The distribution of the tissues in the scion and rootstock is essential in the correct establishment of the graft, in particular the vascular meristematic tissue (2,11). The stems of tomato have the typical structure of dicotyledonous, mesophytic plants, with a vascular cylinder that appears discontinuous in the early stages of life, but which later becomes continuous with the interfascicular regions (12,13). This distribution allows for grafting, unlike the dispersed vascular pattern of monocotyledonous plants (2,10,14).
The cells walls at the line of contact between the scion and rootstock commonly appeared thickened. These structures are thought to play a key role in graft establishment, taking part in the recognition and adhesion of the two sides of the graft (15–21). The increase in thickness is related to the deposition of wall polysaccharides by the protoplasts of nearby cells and the compacting of necrotic remains from the cut (20). The later thinning of these walls is accompanied by the restitution of the symplastic pathway owing to the formation of plasmodesmata (15,18,22) and the clearing of cell wastes (7,23).
The tissues close to the cut also undergo profound changes (2,10). In tomato, the callus is large, but this would not appear to have a bearing on the success of the graft; in other dicotyledonous species the callus can be very small (in some cases almost imperceptible), yet grafting is successful (23,24).

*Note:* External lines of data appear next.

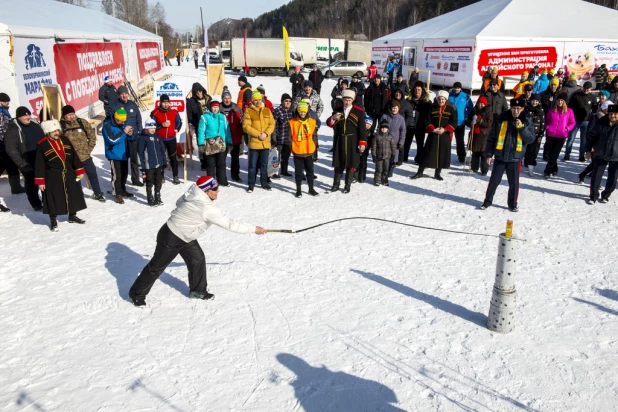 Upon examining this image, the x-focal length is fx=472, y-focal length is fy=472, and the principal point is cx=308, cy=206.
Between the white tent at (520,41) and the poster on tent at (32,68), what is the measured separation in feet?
60.8

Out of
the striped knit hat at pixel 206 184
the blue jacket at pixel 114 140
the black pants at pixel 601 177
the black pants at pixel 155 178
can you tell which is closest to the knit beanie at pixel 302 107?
the black pants at pixel 155 178

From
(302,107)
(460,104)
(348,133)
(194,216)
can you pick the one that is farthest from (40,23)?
(460,104)

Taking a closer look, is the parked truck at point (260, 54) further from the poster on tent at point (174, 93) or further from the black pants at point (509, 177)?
the black pants at point (509, 177)

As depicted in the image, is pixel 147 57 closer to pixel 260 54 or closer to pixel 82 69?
pixel 260 54

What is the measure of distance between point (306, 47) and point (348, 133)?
34.7 meters

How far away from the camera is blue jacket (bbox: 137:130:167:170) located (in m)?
7.65

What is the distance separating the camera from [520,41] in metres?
23.1

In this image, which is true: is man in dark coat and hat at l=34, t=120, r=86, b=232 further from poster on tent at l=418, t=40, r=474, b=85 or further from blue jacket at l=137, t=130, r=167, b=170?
poster on tent at l=418, t=40, r=474, b=85

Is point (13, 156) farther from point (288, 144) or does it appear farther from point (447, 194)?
point (447, 194)

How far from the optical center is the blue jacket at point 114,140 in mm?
7836

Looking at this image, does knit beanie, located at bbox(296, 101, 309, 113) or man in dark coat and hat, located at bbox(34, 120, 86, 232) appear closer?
man in dark coat and hat, located at bbox(34, 120, 86, 232)

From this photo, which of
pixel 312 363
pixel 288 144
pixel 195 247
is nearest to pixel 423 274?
pixel 312 363

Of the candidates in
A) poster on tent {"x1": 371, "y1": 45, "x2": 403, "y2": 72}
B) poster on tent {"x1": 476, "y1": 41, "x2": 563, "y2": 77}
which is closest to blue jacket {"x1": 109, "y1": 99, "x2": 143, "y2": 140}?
poster on tent {"x1": 476, "y1": 41, "x2": 563, "y2": 77}

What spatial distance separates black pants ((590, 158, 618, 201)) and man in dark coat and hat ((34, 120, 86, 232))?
8212mm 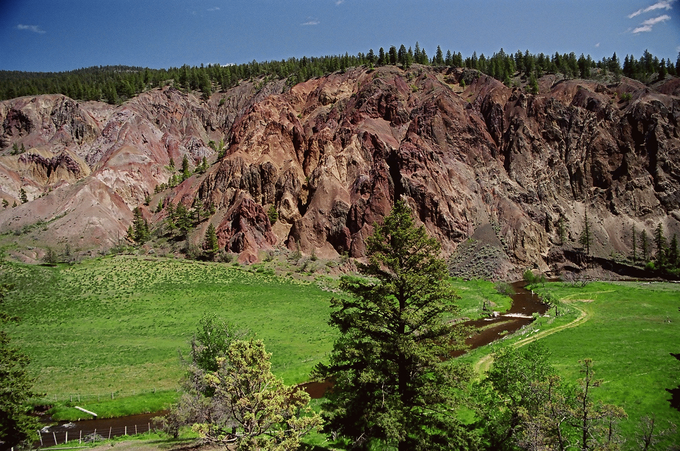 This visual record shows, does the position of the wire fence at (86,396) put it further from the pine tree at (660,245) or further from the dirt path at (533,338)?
the pine tree at (660,245)

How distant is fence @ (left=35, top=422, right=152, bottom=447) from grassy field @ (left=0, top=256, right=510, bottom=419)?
95.5 inches

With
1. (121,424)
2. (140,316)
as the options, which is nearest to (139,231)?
(140,316)

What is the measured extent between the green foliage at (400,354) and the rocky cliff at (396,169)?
217 feet

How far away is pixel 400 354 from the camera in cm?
1662

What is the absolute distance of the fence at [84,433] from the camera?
1018 inches

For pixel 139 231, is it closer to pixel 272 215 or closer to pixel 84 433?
pixel 272 215

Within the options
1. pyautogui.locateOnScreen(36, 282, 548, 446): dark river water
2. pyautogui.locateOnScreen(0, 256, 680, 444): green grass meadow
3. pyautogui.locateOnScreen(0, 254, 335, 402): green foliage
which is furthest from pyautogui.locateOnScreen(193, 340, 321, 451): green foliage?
pyautogui.locateOnScreen(0, 254, 335, 402): green foliage

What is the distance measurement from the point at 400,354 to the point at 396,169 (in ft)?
276

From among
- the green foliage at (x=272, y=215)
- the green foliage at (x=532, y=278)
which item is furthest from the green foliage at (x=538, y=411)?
the green foliage at (x=272, y=215)

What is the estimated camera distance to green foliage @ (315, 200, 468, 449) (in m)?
15.8

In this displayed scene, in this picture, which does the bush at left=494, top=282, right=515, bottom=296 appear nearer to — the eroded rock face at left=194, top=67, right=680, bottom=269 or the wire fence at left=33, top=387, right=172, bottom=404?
the eroded rock face at left=194, top=67, right=680, bottom=269

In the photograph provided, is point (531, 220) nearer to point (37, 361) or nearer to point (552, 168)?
point (552, 168)

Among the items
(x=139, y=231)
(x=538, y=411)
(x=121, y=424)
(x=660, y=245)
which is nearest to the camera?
(x=538, y=411)

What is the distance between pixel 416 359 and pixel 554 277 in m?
84.7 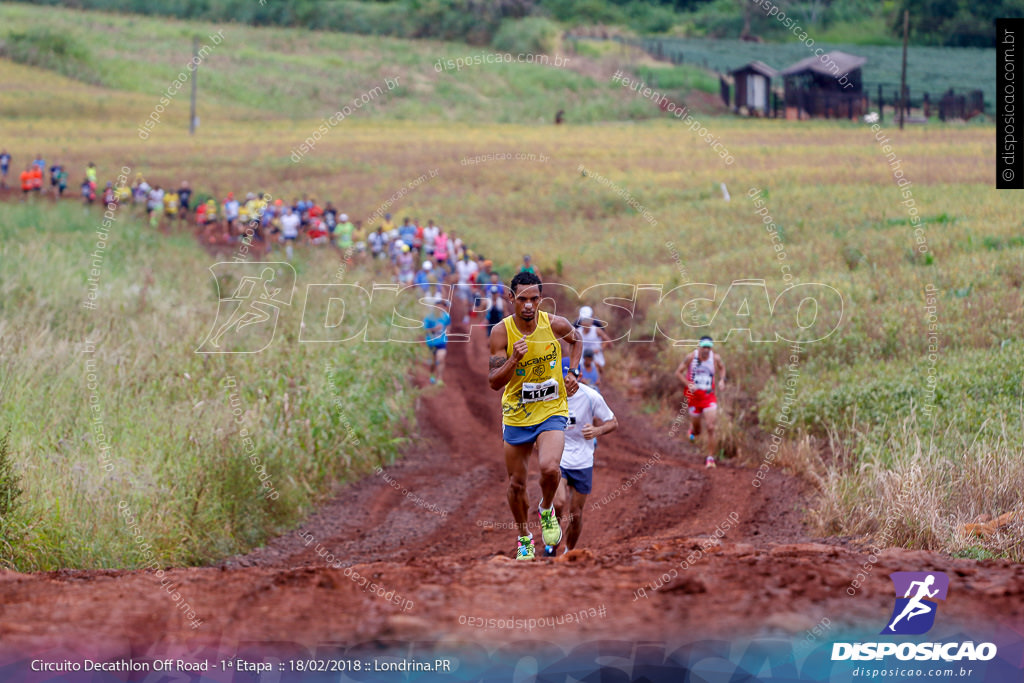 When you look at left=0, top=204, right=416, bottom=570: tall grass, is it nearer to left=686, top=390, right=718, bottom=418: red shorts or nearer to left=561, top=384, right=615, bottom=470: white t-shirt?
left=561, top=384, right=615, bottom=470: white t-shirt

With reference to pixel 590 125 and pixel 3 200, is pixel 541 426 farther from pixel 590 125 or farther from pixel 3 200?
pixel 590 125

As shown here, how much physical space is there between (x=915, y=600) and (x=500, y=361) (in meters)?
3.24

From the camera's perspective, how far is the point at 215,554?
10758 mm

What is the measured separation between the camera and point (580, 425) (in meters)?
9.32

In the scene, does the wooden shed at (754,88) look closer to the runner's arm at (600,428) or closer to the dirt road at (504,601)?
the runner's arm at (600,428)

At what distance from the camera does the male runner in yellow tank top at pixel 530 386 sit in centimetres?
789

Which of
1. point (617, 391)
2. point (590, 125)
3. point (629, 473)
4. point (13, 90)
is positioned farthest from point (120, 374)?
point (13, 90)

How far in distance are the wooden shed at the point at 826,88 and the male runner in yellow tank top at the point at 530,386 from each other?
160 ft

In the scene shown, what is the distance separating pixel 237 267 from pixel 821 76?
4133cm

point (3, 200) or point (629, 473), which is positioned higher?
point (3, 200)

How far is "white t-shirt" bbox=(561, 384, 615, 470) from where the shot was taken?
9281mm

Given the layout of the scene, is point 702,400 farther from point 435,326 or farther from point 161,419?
point 161,419

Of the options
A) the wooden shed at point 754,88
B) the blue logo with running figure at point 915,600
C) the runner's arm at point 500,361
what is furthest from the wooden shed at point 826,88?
the blue logo with running figure at point 915,600

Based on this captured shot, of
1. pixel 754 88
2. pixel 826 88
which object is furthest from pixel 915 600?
pixel 754 88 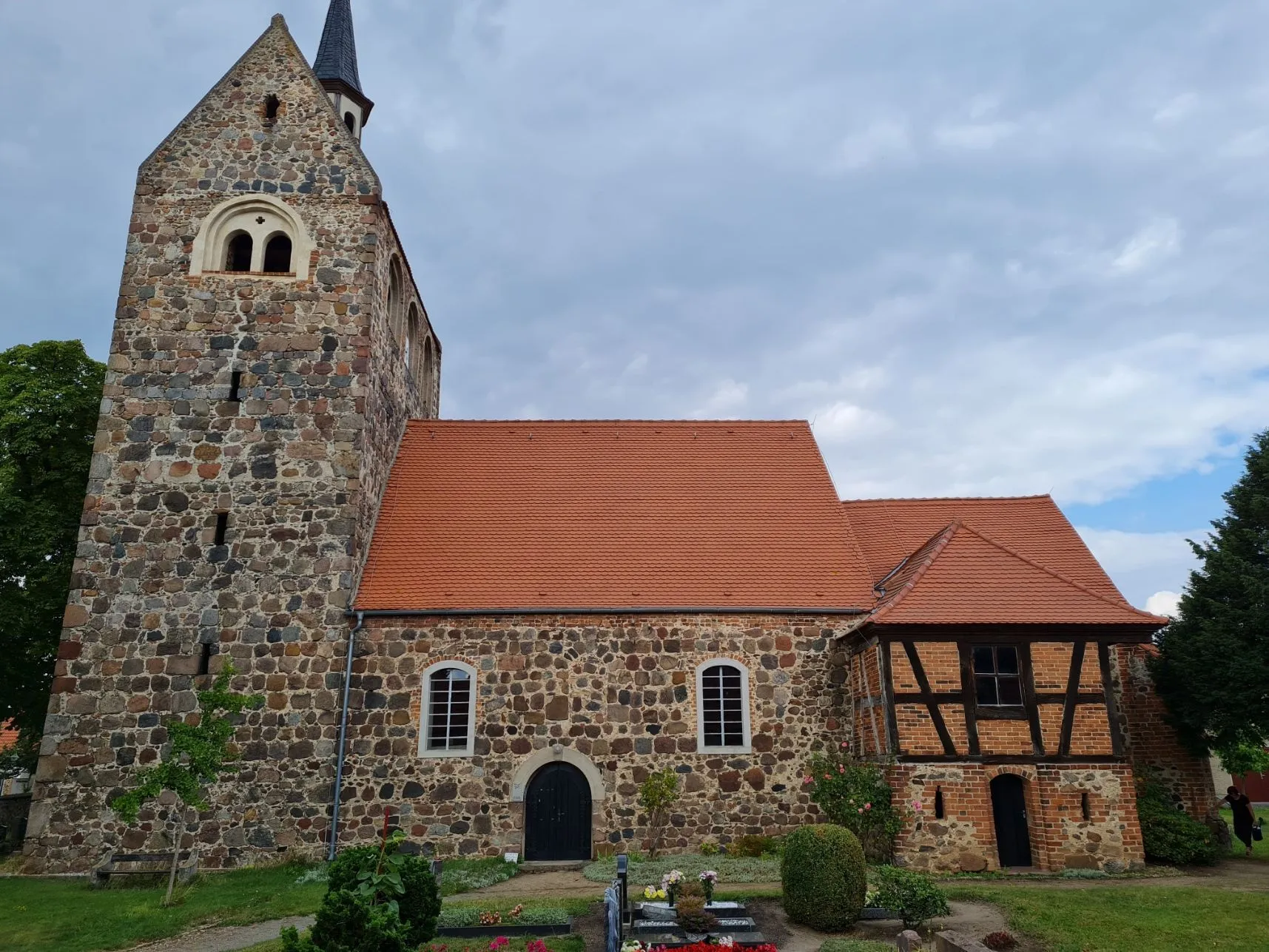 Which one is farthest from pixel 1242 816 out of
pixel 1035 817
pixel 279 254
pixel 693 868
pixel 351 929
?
pixel 279 254

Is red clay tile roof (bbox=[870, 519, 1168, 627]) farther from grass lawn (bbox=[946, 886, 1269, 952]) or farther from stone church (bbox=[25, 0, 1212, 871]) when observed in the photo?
grass lawn (bbox=[946, 886, 1269, 952])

The callus is generated by the de-differentiation of cells close to the wound (10,25,26), but it is hard to say which types are most involved. In the present work, the location and appearance of the cells and tissues point to the callus is formed largely from live cells associated with the vascular tissue. This might be related to the preferential expression of the transcription factor WIND1 by the vascular meristematic tissue (26). WIND1 is involved in de-differentiation and callus formation via the activation of a signalling pathway in which cytokinins participate (26,27,28). Auxins also have the capacity to induce callus formation (25), although in graft establishment their induction of vascular differentiation is likely more important (29,30–34). These hormones, which travel in a basipetal direction (i.e., downward from the tip of the scion), move through the stem, transported by PIN-FORMED (PIN) transport proteins (35). These transporters can alter their position in the cell surface towards wounds (36,37). Their accumulation in the scion vasculature, provoked by the cut, would seem to induce nearby cells to become meristematic. The differentiation of new vasculature occurs in different directions, away from the pre-existing vascular tissues, and these new branches may connect with pockets of vasculature forming in the callus. As reported in other studies (15,22,38), vascular connections between the rootstock and scion are clearly visible at around 10 days after grafting. The connection of the scion and rootstock tissues leaves a permanent mark at the graft junction, especially in the vascular tissue.
The formation of adventitious roots by the scion is a response to the stress caused by the wound (39,40). The process is directly related to the blockage of the basipetal movement of auxins at the cut and their accumulation in that area too (41,42). The production of these roots is not helpful in graft establishment, indeed, rooting could prevent the graft being successful (42). However, it could be useful in nurse-rooting, a method of propagation that requires rooting occur (2,41). Sala et al. (40) identified two types of adventitious root, produced at different times after grafting: one with and one with no parenchyma envelope.